On Fri, March 14, 2014 10:07 pm, Martin Townsend wrote:
> See below
[…]
>> +struct ieee802154_hdr_fc {
>> +#if defined(__LITTLE_ENDIAN_BITFIELD)
>> + u16 type:3,
>> + security_enabled:1,
>> + frame_pending:1,
>> + ack_request:1,
>> + intra_pan:1,
>> + reserved:3,
>> + dest_addr_mode:2,
>> + version:2,
>> + source_addr_mode:2;
>> +#elif defined(__BIG_ENDIAN_BITFIELD)
>> + u16 reserved:1,
>> + intra_pan:1,
>> + ack_request:1,
>> + frame_pending:1,
>> + security_enabled:1,
>> + type:3,
>> + source_addr_mode:2,
>> + version:2,
>> + dest_addr_mode:2,
>> + reserved2:2;
>> +#else
>> +#error "Please fix <asm/byteorder.h>"
>> +#endif
> I'm wondering if using 2 u8's might read better so at least the reserved
> fields match?
> like in the following:
> http://lxr.free-electrons.com/source/drivers/net/ethernet/sun/niu.h#L2706
They would look contiguous, but they won't be contiguous in memory.

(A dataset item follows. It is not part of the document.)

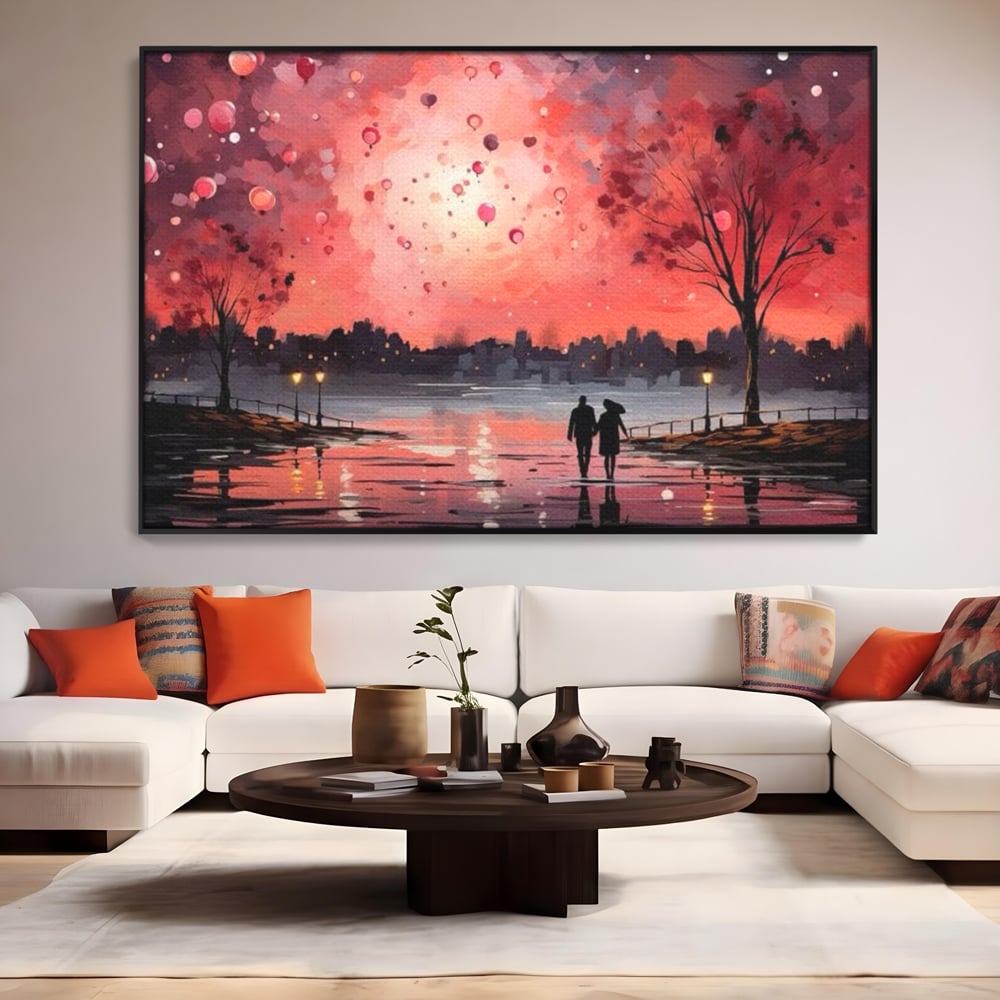Tablou canvas cu tablou canvas cuplu pe faleza la apus rosu, in rama de aluminiu negru, pe perete intr-un living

Declarig the reserved field as u8:3 will cause the allocator to move that
three-bit field to the next byte in memory, so that's certainly unwanted.
Using two u8s would also betray that this field is treated as a 16 bit
entity by the standard and the protocol, and we couldn't cast the header
pointer to u16* to get the raw value of the fc field, because u16 forces
the compiler to allocate the struct as though the bitfield sequence was
one u16.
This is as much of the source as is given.